TASK REQUIREMENTS: The listing below should be printed again word for word, without any images.

DATASET EXCERPT:

____________________

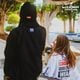 �ǥ�Х꡼���㥱�å� Delivery Jacket Vision Logo Black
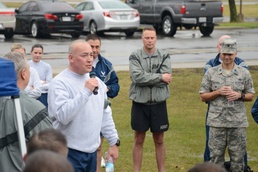 National Guard Bureau chief leads fun run at ANGRC
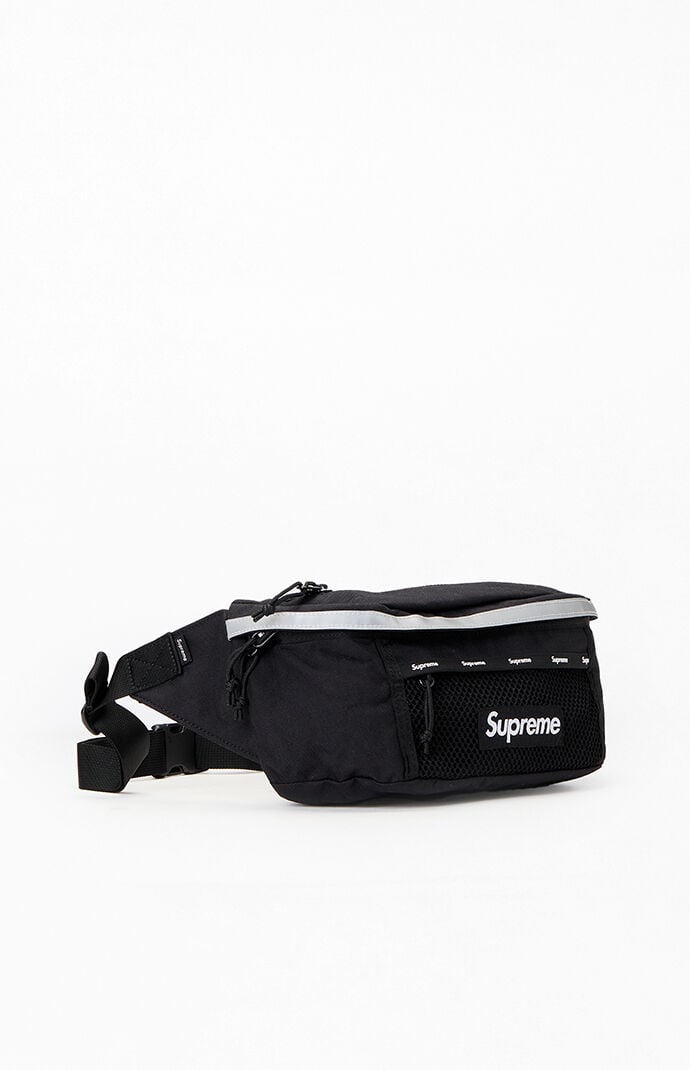 Supreme Black Waist Sling Bag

____________________

OUTPUT OF THE EXERCISE:
 �ǥ�Х꡼���㥱�å� Delivery Jacket Vision Logo Black
 National Guard Bureau chief leads fun run at ANGRC
 Supreme Black Waist Sling Bag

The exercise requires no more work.